Probability Distributions and their Stories

Given any module that deals with statistics, one basic skill you must have is to be able to program and create plots of probability distributions typically encountered in the field of data science. This tutorial should remind you of various distributions introduced in this section, but now they are phrased using the scipy.stats module.

Discrete distributions

Hypergeometric distribution

Story. Consider an urn with a white balls and b black balls. Draw N balls from this urn without replacement. The number white balls drawn, n, is Hypergeometrically distributed.
  • Example.

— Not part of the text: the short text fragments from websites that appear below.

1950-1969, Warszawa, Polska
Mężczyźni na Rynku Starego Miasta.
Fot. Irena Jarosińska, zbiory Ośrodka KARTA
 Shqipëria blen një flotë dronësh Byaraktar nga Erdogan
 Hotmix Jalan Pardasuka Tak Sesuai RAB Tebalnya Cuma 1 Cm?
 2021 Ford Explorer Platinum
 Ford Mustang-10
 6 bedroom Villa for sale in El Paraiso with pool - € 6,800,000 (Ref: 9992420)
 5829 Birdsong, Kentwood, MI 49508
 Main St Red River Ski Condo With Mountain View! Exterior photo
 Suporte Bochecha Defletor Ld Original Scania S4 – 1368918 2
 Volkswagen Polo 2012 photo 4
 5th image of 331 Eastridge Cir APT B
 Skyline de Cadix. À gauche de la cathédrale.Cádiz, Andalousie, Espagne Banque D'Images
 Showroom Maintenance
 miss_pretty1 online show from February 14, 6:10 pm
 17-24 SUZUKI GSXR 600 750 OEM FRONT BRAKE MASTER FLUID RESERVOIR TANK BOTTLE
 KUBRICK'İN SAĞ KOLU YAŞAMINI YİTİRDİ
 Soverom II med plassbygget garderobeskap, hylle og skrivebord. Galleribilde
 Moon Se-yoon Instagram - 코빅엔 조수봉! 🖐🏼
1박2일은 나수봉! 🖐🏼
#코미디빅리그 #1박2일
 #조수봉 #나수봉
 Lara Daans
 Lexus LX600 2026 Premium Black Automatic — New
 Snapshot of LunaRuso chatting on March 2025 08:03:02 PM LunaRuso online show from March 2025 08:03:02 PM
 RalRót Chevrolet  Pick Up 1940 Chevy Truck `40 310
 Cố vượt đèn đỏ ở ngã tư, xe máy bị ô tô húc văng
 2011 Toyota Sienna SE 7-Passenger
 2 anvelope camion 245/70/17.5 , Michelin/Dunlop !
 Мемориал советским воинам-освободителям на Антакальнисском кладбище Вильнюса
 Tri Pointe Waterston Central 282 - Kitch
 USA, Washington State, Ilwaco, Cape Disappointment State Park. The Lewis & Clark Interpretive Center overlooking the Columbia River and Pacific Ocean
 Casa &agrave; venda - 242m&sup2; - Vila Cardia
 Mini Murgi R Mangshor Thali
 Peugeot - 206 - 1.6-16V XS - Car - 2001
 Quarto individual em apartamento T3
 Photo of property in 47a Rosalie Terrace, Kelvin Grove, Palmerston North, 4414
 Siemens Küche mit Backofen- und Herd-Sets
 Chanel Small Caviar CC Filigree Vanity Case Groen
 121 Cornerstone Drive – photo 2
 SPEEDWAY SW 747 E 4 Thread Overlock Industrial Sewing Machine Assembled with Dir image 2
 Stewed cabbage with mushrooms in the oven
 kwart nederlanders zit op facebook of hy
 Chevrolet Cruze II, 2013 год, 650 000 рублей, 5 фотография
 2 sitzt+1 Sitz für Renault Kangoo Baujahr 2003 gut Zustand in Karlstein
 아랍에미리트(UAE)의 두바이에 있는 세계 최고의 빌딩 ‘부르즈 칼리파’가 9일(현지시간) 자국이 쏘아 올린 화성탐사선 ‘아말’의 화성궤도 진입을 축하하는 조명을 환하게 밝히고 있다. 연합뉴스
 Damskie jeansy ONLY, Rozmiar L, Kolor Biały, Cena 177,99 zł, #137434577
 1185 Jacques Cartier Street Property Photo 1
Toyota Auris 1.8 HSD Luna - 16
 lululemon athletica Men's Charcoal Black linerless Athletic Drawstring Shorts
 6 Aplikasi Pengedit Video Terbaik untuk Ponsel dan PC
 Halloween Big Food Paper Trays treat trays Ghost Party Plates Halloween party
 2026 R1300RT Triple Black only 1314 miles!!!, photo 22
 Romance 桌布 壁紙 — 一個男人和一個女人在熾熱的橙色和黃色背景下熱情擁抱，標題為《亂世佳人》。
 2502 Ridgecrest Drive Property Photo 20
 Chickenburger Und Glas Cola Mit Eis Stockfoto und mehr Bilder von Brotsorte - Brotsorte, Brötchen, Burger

There are a+b finches on an island, and a of them are tagged (and therefore b of them are untagged). You capture N finches. The number of tagged finches n is Hypergeometrically distributed, f(n;N,a,b), as defined below.
  • Parameters. There are three parameters: the number of draws N, the number of white balls a, and the number of black balls b.
  • Support. The Hypergeometric distribution is supported on the set of integers between max(0,N−b) and min(N,a), inclusive.
  • Probability mass function.

    \begin{align}f(n;N, a, b) = \frac{\begin{pmatrix}a\\n\end{pmatrix}\begin{pmatrix}b\\N-n\end{pmatrix}}{\begin{pmatrix}a+b\\N\end{pmatrix}}\end{align}.

  • Usage

    Package Syntax
    NumPy np.random.hypergeometric(a, b, N)
    SciPy scipy.stats.hypergeom(a+b, a, N)
    Stan hypergeometric(N, a, b)

  • Related distributions.
    • In the limit of a+b→∞ such that a/(a+b) is fixed, we get a Binomial distribution with parameters N=N and θ=a/(a+b).
  • Notes.
  • This distribution is analogous to the Binomial distribution, except that the Binomial distribution describes draws from an urn with replacement. In the analogy, p=a/(a+b).
  • SciPy uses a different parametrization. Let M=a+b be the total number of balls in the urn. Then, noting the order of the parameters, since this is what scipy.stats.hypergeom expects,

    \begin{align}\\ \phantom{blah}f(n;M, a, N) = \frac{\begin{pmatrix}a\\n\end{pmatrix}\begin{pmatrix}M-a\\N-n\end{pmatrix}}{\begin{pmatrix}M\\n\end{pmatrix}}.  \\ \phantom{blah}\end{align}

  • The random number generator in numpy.random has a different parametrization than in the scipy.stats module. The numpy.random.hypergeom() function uses the same parametrization as Stan, except the parameters are given in the order a, b, N, not N, a, b, as in Stan.
  • When using the sliders below, you will only get a plot if N ≤ a+b because you cannot draw more balls out of the urn than are actually in there.
params = [dict(name='N', start=1, end=20, value=10, step=1),
          dict(name='a', start=1, end=20, value=10, step=1),
          dict(name='b', start=1, end=20, value=10, step=1)]
app = distribution_plot_app(x_min=0,
                            x_max=40,
                            scipy_dist=st.hypergeom,
                            params=params,
                            transform=lambda N, a, b: (a+b, a, N),
                            x_axis_label='n',
                            title='Hypergeometric')
bokeh.io.show(app, notebook_url=notebook_url)